ESOP allows Dave Hill to retire with peace of mind.
Several options crossed Hill's desk, such as selling the company or joining a consortium to go public. At that time, the company was struggling to hit $10 million in revenue — too small for its own IPO. Another option to form a roll-up venture with several other small companies fell through. That was when Hill opted for employee ownership to guide his company into the new millennium.
"Employee stock ownership programs (ESOP) work best when the employees have a keen interest in protecting and growing the assets of the company," says Hill. "Hill Associates was a perfect candidate — our employees are our assets."
The company already had moved toward employee ownership: In 1993 Hill and his co-founders sold off 40% of their holdings to make it available for the employee population. Once the decision was made to convert to a full 100% ESOP, Hill Associates' management worked out an agreement with a local bank that would pay the owners as much money as they would have received from any one of the other options. They will remain active in the company for several more years, and the same management team will remain under new ownership.
Hill Associates opted for a leveraged ESOP in which the company borrows the money to make the stock purchase. It contributes 100% of the funds needed to pay back the loan, and shares are allocated to employees pro rata, based on their compensation.
Employees couldn't be happier, reports President Jerry Johnson. In an industry where retention is key, Johnson believes the ESOP will help Hill Associates retain valued employees.
Relief Settles In
The announcement of the ESOP ended tension for many workers. "There were a set of people who were genuinely concerned that we were going to be sold to some other company that would quickly come in and impose their own discipline and process, and that would be the end of Hill Associates as we knew it," says Johnson. "There was a tremendous sense of relief that not only were we at the end of the whole decision process, but it was also an ending that was what everybody was hoping for," he adds.
Employees are now taking a larger role in guiding the company into the future. They now nominate themselves for positions on the company's board of directors. Since the ESOP conversion last June, four employees have been newly elected to the 10-person board.
The company's annual revenues now stand at $15 million, and Hill is confident that his company will remain in the right hands as he phases himself out of the work force and into retirement. "I feel very good about this event," says Hill. "I'm absolutely certain that we're handing over the keys to this company to the best possible owners."
Writer: Julie Cook
This article was originally published in the May 2000 issue of The Edward Lowe Report.
Rising to the Challenge
Solution: Adopt an employee stock ownership program, where employees have a keen interest in protecting and growing the company.
Payback: Both Dave Hill and his company benefit from a tax break, and employees have stock in the company where they work.
Adviser's ANALYSIS: Winning With ESOP
"Yet the company needs to be prepared to buy back the shares of anybody that retires, becomes disabled, dies or terminates the company. There is no public market for the shares, so they have no place to go but back to the corporation. Employees need to have cash available to buy those shares back.

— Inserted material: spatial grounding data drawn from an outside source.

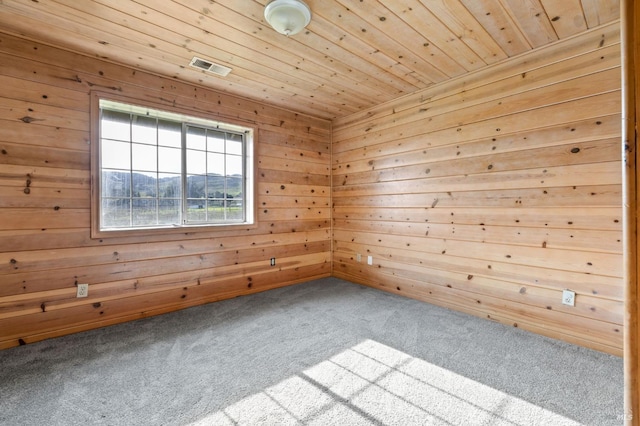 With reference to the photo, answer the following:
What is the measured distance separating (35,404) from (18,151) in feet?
5.89

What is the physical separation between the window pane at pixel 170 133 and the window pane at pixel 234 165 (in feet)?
1.86

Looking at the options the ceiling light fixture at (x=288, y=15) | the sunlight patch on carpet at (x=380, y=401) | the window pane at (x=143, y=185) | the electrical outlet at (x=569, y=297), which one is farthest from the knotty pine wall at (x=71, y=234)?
the electrical outlet at (x=569, y=297)

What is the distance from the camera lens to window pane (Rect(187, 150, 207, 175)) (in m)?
3.09

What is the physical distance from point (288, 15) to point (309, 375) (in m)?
2.30

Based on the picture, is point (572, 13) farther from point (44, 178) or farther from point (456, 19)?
point (44, 178)

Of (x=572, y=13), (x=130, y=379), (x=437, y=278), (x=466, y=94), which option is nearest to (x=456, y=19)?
(x=572, y=13)

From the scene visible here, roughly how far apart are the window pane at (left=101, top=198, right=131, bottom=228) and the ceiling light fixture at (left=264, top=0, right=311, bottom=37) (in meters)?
2.09

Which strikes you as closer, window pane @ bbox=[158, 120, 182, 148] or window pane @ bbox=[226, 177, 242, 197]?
window pane @ bbox=[158, 120, 182, 148]

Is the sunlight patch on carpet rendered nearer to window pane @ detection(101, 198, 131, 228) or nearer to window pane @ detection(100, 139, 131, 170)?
window pane @ detection(101, 198, 131, 228)

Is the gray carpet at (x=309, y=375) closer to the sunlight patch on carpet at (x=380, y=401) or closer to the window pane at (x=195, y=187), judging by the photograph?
the sunlight patch on carpet at (x=380, y=401)

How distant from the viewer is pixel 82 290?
241 centimetres

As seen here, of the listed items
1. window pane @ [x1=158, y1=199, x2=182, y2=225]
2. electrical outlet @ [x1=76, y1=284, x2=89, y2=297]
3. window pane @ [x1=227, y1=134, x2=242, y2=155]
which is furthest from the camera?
window pane @ [x1=227, y1=134, x2=242, y2=155]

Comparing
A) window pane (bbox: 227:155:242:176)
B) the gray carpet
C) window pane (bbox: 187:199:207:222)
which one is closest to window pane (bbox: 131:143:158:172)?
window pane (bbox: 187:199:207:222)

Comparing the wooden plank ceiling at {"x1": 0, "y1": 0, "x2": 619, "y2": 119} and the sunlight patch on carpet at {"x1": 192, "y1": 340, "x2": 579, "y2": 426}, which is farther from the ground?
the wooden plank ceiling at {"x1": 0, "y1": 0, "x2": 619, "y2": 119} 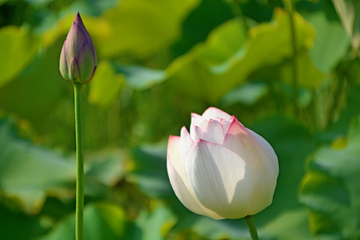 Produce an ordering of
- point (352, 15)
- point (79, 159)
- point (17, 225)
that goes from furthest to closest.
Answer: point (17, 225)
point (352, 15)
point (79, 159)

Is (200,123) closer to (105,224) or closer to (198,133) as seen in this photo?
(198,133)

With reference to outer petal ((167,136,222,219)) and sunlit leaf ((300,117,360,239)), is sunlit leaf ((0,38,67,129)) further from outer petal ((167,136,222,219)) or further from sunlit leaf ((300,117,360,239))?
outer petal ((167,136,222,219))

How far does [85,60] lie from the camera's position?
25 cm

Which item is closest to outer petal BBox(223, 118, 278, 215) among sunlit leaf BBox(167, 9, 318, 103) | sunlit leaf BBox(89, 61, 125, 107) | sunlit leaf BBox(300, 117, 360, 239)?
sunlit leaf BBox(300, 117, 360, 239)

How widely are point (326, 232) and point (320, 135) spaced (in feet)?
0.92

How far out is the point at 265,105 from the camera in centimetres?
142

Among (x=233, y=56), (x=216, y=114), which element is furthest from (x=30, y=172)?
(x=216, y=114)

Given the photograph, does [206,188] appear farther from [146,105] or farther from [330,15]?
[146,105]

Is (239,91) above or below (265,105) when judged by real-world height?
above

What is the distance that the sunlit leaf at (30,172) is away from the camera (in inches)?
33.2

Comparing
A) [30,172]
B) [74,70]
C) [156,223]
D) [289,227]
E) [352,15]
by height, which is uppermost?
[74,70]

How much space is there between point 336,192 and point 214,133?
1.50ft

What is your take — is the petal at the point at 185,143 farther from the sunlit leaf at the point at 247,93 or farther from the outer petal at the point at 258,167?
the sunlit leaf at the point at 247,93

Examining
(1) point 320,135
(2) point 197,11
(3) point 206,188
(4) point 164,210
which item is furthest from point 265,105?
(3) point 206,188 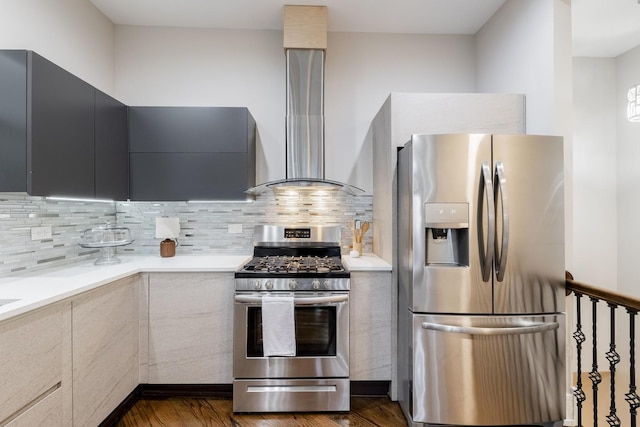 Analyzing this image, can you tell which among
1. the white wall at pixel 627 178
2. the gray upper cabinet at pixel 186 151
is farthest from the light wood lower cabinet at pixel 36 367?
the white wall at pixel 627 178

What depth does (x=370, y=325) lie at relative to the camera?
238cm

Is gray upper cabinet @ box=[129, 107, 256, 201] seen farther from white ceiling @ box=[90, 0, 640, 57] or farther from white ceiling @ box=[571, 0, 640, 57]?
white ceiling @ box=[571, 0, 640, 57]

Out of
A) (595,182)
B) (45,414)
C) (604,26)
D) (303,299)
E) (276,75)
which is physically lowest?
(45,414)

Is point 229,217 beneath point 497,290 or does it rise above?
above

"There are government incentives for ESOPs. When the owner sells his stock, he doesn't have to pay a capital gains tax if he does the transaction consistent with the rules of the Internal Revenue Service. If the shares were worth $10 million and he sold 60%, he would receive $6 million in cash. There's a federal capital gains tax of about 20%, or $1.2 million. By doing the ESOP, he avoids having to pay that tax.
"The owner is a winner; the corporation is a winner because of the favorable tax effect of implementing the ESOP; and the employees win by getting stock in the company they work for without having to pay a nickel for it. That's what I call a home run."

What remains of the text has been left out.